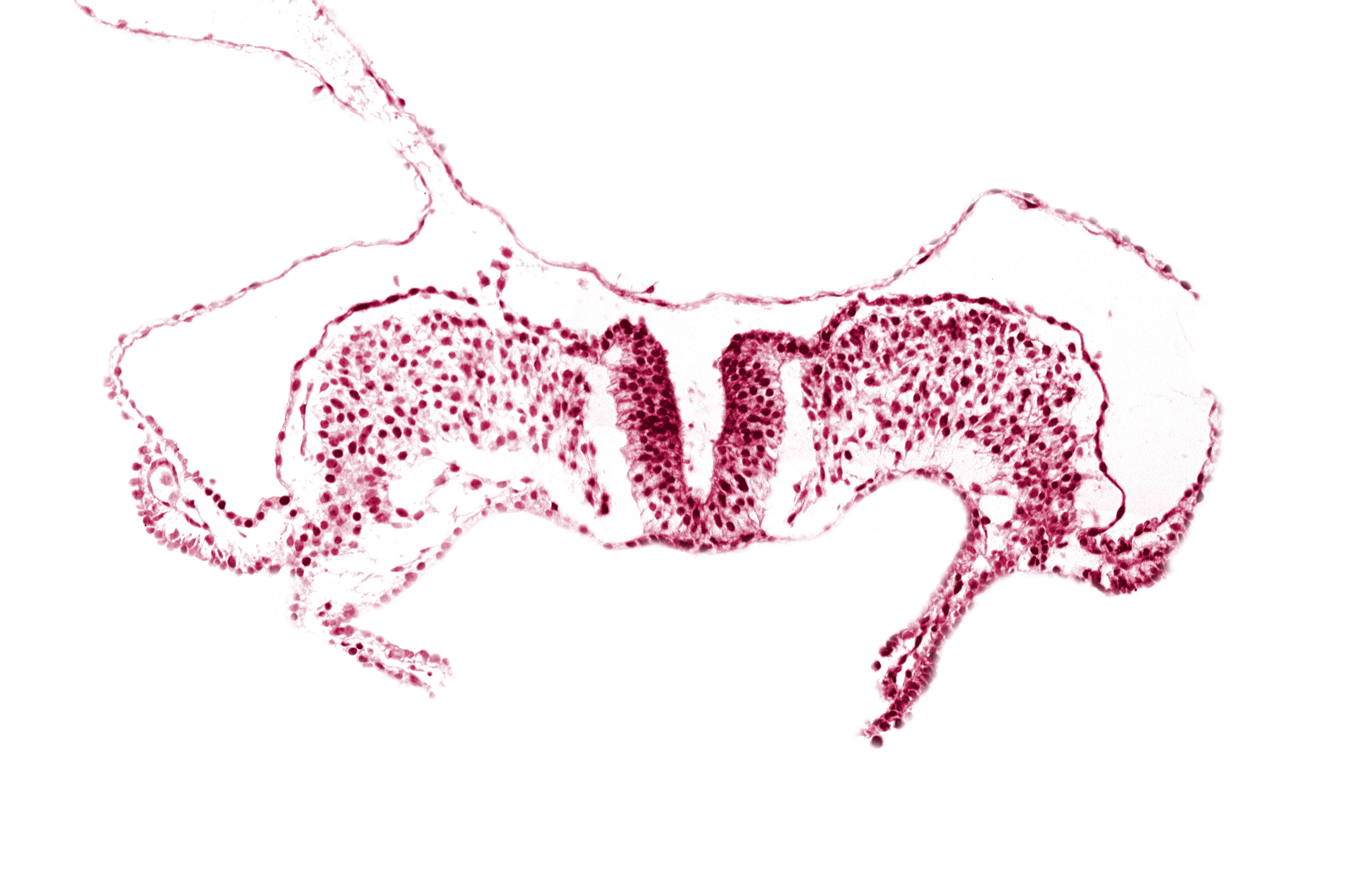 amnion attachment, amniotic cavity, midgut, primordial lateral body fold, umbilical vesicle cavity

────────────────

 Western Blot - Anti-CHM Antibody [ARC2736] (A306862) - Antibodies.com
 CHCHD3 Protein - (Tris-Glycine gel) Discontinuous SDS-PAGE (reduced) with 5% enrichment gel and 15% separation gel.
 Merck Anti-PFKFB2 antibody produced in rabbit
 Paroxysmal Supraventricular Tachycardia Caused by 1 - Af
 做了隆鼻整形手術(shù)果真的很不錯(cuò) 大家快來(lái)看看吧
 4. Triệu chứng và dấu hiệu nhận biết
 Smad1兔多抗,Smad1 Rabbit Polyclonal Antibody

────────────────

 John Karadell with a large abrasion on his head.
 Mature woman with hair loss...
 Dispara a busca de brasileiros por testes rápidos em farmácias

────────────────

### [Description of the task]
Above are records; repeat only the lines starting at the line with "Paroxysmal Supraventricular Tachycardia" and ending at the line with "Smad1兔多抗,Smad1 Rabbit Polyclonal Antibody", exactly as they appear, both included.

### [Reply]
 Paroxysmal Supraventricular Tachycardia Caused by 1 - Af
 做了隆鼻整形手術(shù)果真的很不錯(cuò) 大家快來(lái)看看吧
 4. Triệu chứng và dấu hiệu nhận biết
 Smad1兔多抗,Smad1 Rabbit Polyclonal Antibody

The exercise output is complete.